For this problem it looks like we’ll have three 1^st order partial derivatives to compute.

Be careful with product rules with partial derivatives. The first term will only need a product rule for the \(t\) derivative and the second term will only need the product rule for the \(v\) derivative. Do not “overthink” product rules with partial derivatives. Do them when required but make sure to not do them just because you see a product. When you see a product look at the “factors” of the product. Do both “factors” have the variable you are differentiating with respect to or not and use the product rule only if they both do.

Here are the three 1^st order partial derivatives for this problem.

\[\require{bbox} \bbox[2pt,border:1px solid black]{\begin{align*}\frac{{\partial g}}{{\partial s}} & = {g_s} = \frac{{{t^2}}}{{s + 2t}} - 3{s^2}\ln \left( {3v} \right)\\ \frac{{\partial g}}{{\partial t}} & = {g_t} = 2t\ln \left( {s + 2t} \right) + \frac{{2{t^2}}}{{s + 2t}} - 2t\ln \left( {3v} \right)\\ \frac{{\partial g}}{{\partial v}} & = {g_v} = 4\ln \left( {3v} \right) - \frac{{{s^3} + {t^2} - 4v}}{v}\end{align*}}\]
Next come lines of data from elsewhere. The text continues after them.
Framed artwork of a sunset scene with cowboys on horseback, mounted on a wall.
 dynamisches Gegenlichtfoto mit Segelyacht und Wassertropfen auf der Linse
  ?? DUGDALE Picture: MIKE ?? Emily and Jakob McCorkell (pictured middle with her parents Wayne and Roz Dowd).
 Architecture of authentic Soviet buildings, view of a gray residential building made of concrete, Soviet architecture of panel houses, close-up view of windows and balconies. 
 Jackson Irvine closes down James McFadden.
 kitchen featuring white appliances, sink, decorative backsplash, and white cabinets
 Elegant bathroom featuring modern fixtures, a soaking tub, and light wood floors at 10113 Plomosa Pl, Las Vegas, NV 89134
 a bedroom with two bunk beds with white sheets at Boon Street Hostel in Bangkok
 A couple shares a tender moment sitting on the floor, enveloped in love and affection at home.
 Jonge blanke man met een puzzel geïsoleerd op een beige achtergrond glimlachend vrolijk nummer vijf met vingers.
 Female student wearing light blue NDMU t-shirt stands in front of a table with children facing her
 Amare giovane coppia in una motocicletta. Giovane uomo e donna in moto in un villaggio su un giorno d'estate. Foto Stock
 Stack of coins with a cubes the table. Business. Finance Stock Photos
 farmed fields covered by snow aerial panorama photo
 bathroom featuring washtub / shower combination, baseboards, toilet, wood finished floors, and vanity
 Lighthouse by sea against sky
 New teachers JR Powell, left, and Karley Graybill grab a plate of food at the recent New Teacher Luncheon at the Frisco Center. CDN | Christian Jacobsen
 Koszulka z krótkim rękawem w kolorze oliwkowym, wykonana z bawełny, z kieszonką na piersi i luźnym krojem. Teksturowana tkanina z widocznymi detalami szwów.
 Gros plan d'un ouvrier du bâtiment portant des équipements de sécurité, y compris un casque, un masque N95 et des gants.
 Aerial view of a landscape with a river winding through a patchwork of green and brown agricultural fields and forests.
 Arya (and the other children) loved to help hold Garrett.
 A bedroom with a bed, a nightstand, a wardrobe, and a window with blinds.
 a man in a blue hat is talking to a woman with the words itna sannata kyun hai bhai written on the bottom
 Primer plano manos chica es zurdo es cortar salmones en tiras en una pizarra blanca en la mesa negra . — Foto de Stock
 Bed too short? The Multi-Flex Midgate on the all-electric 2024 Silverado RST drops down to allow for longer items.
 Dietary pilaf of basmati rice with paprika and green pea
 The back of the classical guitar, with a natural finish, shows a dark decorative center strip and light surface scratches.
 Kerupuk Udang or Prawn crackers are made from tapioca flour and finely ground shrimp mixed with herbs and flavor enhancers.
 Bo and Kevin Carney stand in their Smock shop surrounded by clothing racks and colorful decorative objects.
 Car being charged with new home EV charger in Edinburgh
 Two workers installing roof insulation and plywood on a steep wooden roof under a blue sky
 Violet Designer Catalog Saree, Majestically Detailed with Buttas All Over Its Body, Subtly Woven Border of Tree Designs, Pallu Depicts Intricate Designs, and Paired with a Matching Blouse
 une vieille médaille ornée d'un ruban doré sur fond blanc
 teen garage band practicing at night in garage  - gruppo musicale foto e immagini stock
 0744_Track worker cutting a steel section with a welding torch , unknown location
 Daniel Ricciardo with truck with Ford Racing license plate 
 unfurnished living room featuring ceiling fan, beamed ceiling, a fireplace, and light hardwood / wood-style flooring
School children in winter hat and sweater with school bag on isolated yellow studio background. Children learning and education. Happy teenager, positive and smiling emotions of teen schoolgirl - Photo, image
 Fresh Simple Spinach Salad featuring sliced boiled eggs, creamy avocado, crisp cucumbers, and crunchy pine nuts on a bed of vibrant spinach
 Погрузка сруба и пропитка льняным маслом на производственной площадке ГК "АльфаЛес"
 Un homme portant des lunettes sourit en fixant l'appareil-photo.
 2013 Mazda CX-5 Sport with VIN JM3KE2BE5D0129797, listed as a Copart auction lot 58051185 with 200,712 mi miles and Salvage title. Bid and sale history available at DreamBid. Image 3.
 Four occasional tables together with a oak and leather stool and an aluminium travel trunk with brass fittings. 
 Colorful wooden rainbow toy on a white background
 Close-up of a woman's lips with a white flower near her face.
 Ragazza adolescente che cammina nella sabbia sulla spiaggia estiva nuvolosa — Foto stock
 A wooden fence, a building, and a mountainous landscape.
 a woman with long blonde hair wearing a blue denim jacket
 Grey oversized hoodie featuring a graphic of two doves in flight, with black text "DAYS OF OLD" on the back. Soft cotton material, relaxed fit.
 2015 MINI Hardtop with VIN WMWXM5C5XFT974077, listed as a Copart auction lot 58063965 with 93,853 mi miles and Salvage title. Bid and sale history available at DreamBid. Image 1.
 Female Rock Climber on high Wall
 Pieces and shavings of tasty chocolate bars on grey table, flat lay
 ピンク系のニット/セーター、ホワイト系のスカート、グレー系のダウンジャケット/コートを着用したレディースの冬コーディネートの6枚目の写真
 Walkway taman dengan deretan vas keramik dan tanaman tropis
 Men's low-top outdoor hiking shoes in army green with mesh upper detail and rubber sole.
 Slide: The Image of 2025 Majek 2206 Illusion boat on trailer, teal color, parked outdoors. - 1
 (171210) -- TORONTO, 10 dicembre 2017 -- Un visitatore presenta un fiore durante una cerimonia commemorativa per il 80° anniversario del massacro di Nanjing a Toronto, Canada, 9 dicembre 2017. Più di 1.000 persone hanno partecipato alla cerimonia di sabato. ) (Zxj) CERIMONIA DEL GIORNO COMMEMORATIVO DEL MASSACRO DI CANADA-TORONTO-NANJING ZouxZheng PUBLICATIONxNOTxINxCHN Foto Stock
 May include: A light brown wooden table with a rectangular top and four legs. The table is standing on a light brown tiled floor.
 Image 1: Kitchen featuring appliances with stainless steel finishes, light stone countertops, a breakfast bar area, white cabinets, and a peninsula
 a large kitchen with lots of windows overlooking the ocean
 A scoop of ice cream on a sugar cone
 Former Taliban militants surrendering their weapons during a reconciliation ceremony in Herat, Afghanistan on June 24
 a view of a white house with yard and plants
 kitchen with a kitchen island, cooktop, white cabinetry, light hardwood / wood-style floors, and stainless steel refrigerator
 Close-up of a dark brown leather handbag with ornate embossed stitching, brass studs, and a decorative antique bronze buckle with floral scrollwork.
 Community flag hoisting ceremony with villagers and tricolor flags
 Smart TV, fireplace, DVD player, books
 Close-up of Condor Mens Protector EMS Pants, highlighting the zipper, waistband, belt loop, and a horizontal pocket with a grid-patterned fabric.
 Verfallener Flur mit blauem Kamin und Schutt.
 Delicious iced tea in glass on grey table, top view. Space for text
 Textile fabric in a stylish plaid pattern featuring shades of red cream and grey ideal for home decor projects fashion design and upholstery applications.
Make sure you can differentiate natural logarithms as they will come up fairly often. Recall that, with the chain rule, we have,

\[\frac{d}{{dx}}\left[ {\ln \left( {f\left( x \right)} \right)} \right] = \frac{{f'\left( x \right)}}{{f\left( x \right)}}\]

The notation used for the derivative doesn’t matter so we used both here just to make sure we’re familiar with both forms.